Impossible de demeurer autiste à ce qui se passe en Afrique de l’Ouest. Proximité géographique et psychologique oblige. S’agit-il d’une lame de fond souverainiste ou d’une simple posture de la part des autorités qui instrumentaliseraient l’exaspération populaire ?
Quand par exemple, Bamako expulse l’ambassadeur de France, faudrait-il y voir un signal fort d’un pays soucieux de traiter d’égal à égal avec l’ancienne puissance coloniale ou une surenchère populiste à consommation intérieure ?
En attendant que le temps tranche le questionnement, force est de constater que le Mali remet au- devant de la scène le sempiternel enjeu de la souveraineté des Etats africains. En particulier dans leurs relations avec les pays occidentaux. La dialectique de ces derniers -du moins la plupart d’entre eux- traduit et trahit leur regard paternaliste, condescendant vis-à-vis de l’Afrique. Au seuil de l’indépendance du Congo-Léopoldville, le Général belge Emile Janssens avait bien résumé la situation post-indépendance… nominale : » après l’indépendance est égal à avant l’indépendance « .
Depuis, toute l’histoire du Continent est structurée par les péripéties de ce combat contre les nouveaux » habits » du colonialisme appelé « néocolonialisme « . Sous des dehors empreints d’égalité souveraine des Etats et donc de coopération d’égal à égal, nombre d’ex- puissances coloniales ont créé et entretenu le cordon ombilical qui lie des dirigeants africains aux capitales occidentales dont Paris pour les pays francophones d’Afrique. Une mécanique d’assujettissement et de clientélisme connue sous le vocable « francafrique « . Une pratique qui se perpétue – quoi que sous des formes plus soft- avec pour seul enjeu : maintenir l’Afrique dans la position infantilisante d’arrière-cour des puissances du nord avec des dirigeants totalement extravertis.

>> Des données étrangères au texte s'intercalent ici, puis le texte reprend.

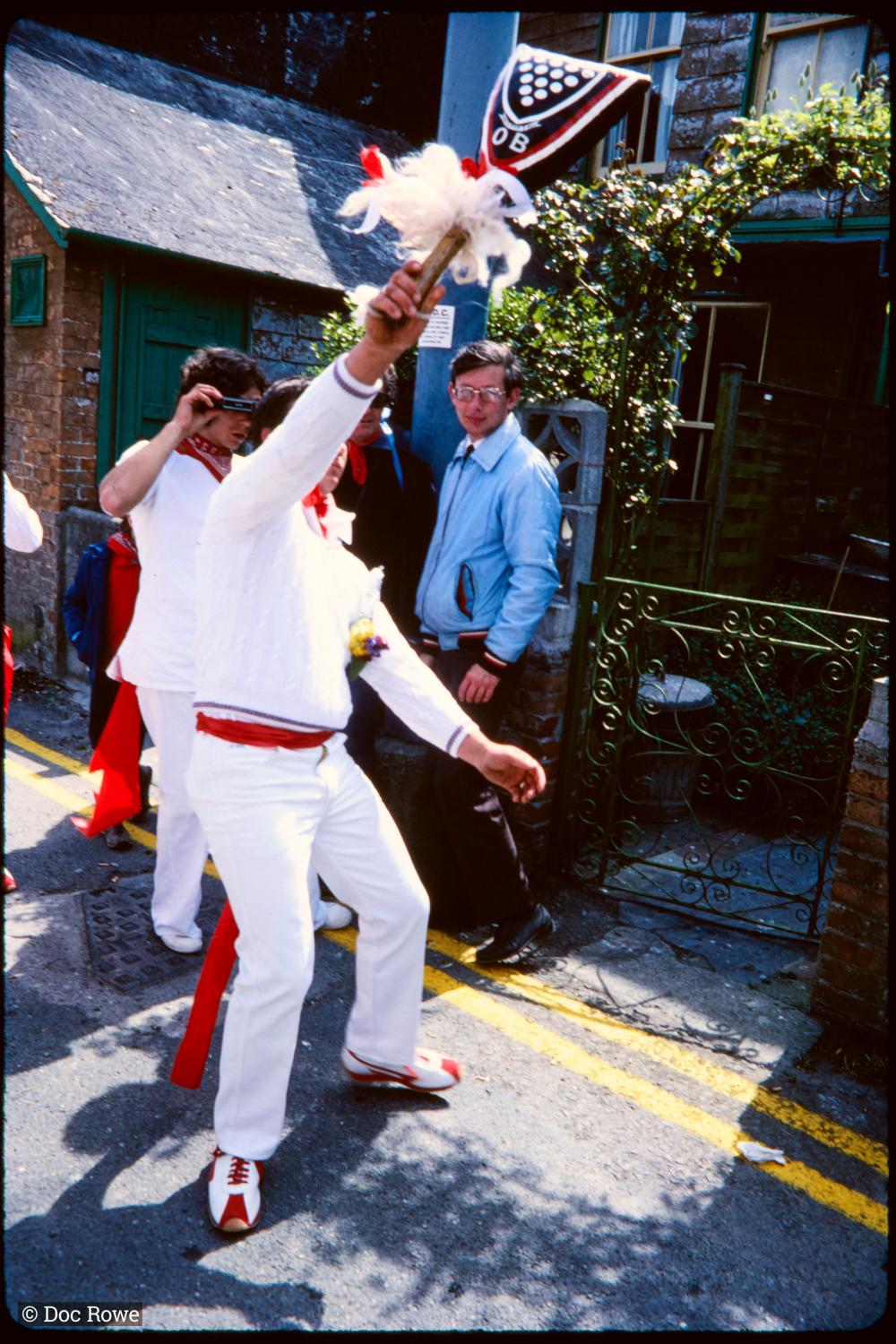Man holding club up teasing Old Oss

Certes, il est prématuré de se faire sa religion sur le discours autonomiste assorti de certains actes forts émis depuis Bamako, Ouagadougou… Jadis, sur le Continent, des dynamiques souverainistes ont tourné court faute d’une vision cohérente et conséquente dans le chef des élites dirigeantes. Dans bien d’autres cas, la rhétorique nationaliste et patriotique n’a servi que comme paravent pour masquer des velléités dictatoriales.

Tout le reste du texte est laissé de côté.